7.9. The dependent claims contain all the features of claim 1 and similarly involve an inventive step.

8. Since the revised fourth auxiliary request is allowable, it is not necessary to consider the further auxiliary requests.

9. Reimbursement of the appeal fee

According to Rule 67 EPC, the reimbursement of the appeal fee is to be ordered if the appeal is deemed to be allowable and the reimbursement is equitable by reason of a substantial procedural violation.

However, in the present case, the Board notes that:

(a) The Examining Division rectified the first decision to refuse the application to the extent that the subject-matter of claim 1 was found to be novel over D1, in compliance with the case law.

(b) By a communication issued on 21 July 1997 in preparation for oral proceedings to be held on 3. February 1998, the Examining Division informed the applicant of further objections that still existed, to which the applicant had the opportunity to react either in writing or during the oral proceedings, which it however did not attend.

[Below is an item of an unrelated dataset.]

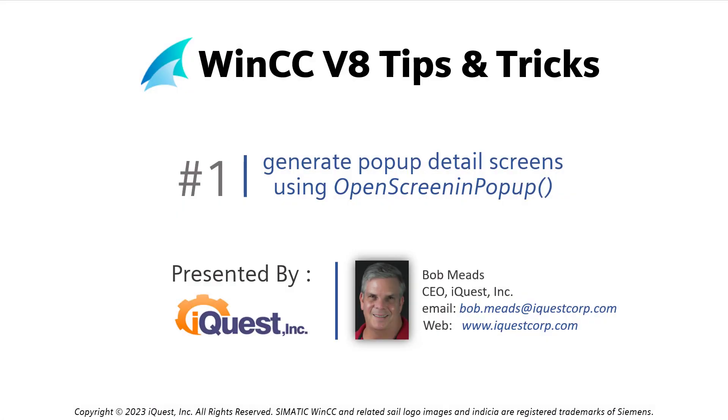Hi, I'm Bob Meads, and this is WinCC version 8 tips and tricks number one.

(c) In view of these facts, the second refusal was the consequence of the applicant's conduct of proceedings. Hence, a refund of the appeal fee is not considered equitable.

Therefore, the request for reimbursement of the appeal fee is refused.

ORDER

For these reasons it is decided:

1. The decision under appeal is set aside.

2. The case is remitted to the department of first instance with the order to grant a patent on the basis of the set of claims 1 to 17 submitted as revised fourth auxiliary request during the oral proceedings and a description yet to be adapted.

3. The request for reimbursement of the appeal fee is refused.